In what has become a ritual of sorts we paid a visit to M.A.D. Gallery Geneva last week. Usually the visit is after SIHH, but this year, it was on the Sunday before the start of the fair, at which MB&F made their maiden appearance as an exhibitor along with eight other small and/ or independent brands.
MB&F have stated that one of Sherman’s two goals in life is to make people smile, and judging from the responses of those who were at the Gallery at the same time as we were, he succeeded. Cute as a button and with some heft, but small enough to cradle in your hands and take away with you. Buckets of personality, like Melchior.

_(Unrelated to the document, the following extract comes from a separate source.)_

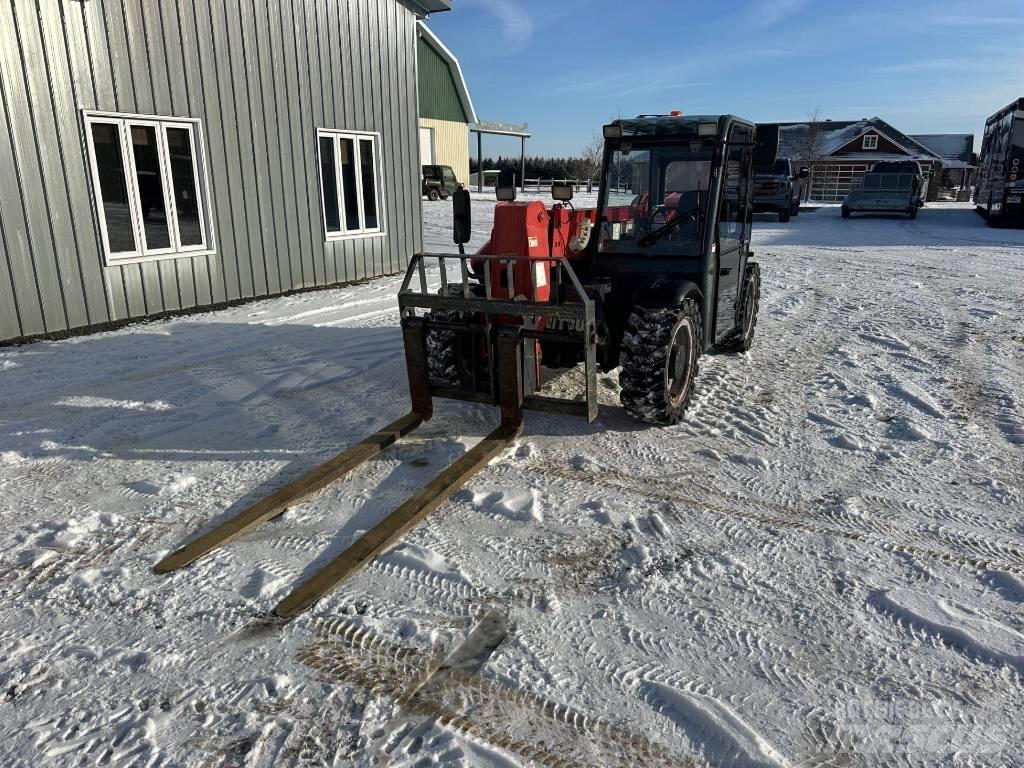 Manitou MT 5519 مناولات متداخلة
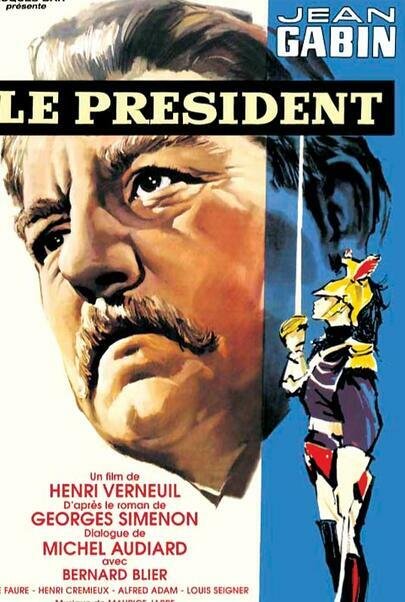 Affiche du film "LE PRESIDENT"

Sherman is also a clock, lest we forget this.
Conceived and developed by Max Büsser/ MB&F and engineered and by L’Epée 1839, with whom they have partnered for a number of pieces now, his clock bits are based on a L’Epée 1839 in-line eight-day movement with 18,000BPH. You wind him via a key in his back, which is also where you set the time.
Sherman’s mainspring barrel bridge extends down to support his tracks, movement spacers act as shoulders for the arms, and his eyes are bolt heads supporting the regulator. The movement plates and bridges of the clock also make up his skeleton and body.

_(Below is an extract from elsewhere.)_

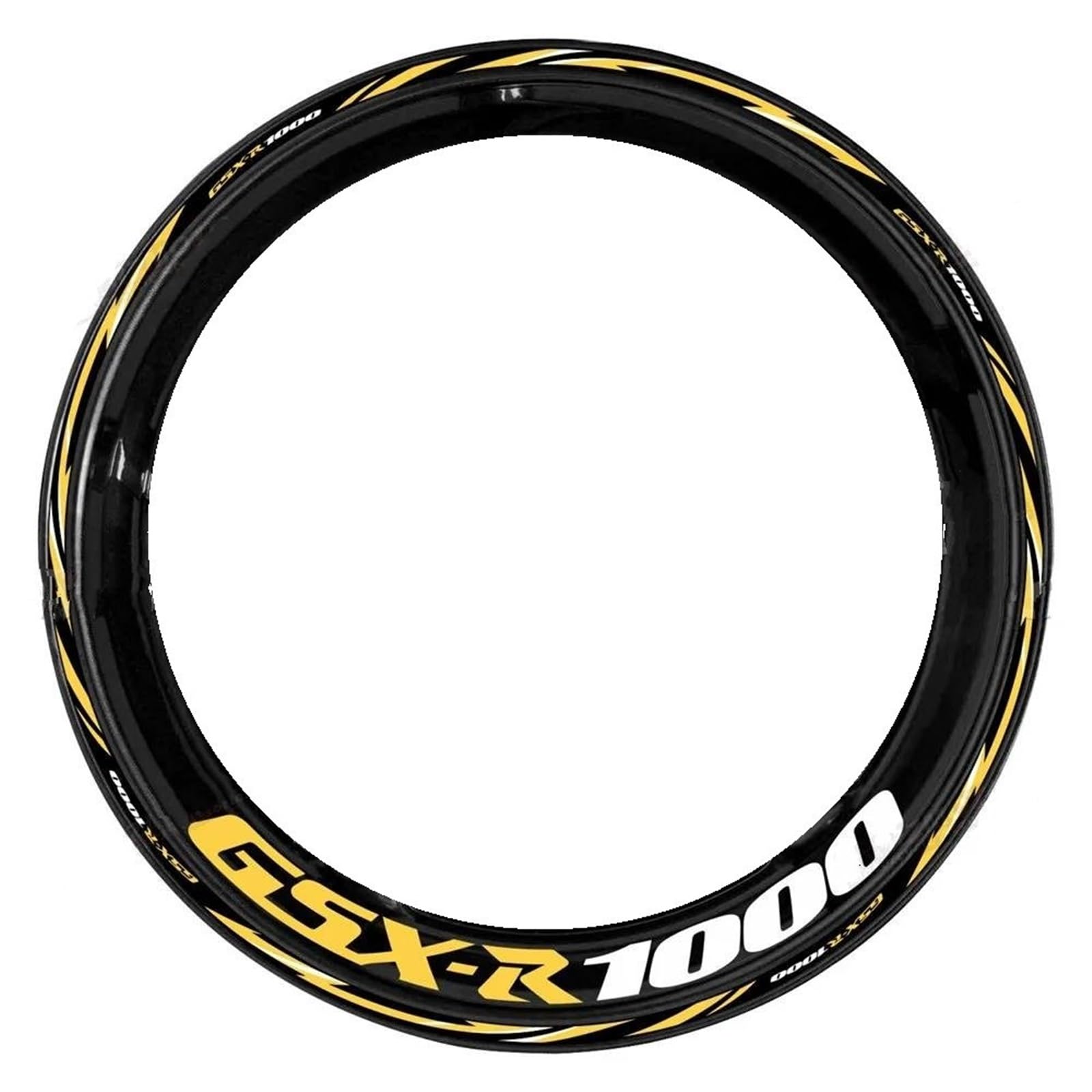 Wheel Stickers Motorcycle Wheel Sticker for Suzuki GSX-R1000 GSXR1000 GSXR GSX-R 1000 Decals Reflective Stripe Tape Decal Rim Reflective Decal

Inside the mineral glass dome of Sherman’s head is his regulator. Sherman’s arms are articulated and his hands used to hold items. His rubber caterpillar tracks are functional. I know because I spent some time moving him about…
To be available in limited editions of 200 palladium-plated, 200 gilded and 50 diamond-set gilded (735 VVS diamonds around the eyes/ hour markers/ head) versions, Sherman weighs 0.9kg and measures 143mm x 109mm x 80mm. We saw the gilt version at SIHH and would vote for the palladium-plated version.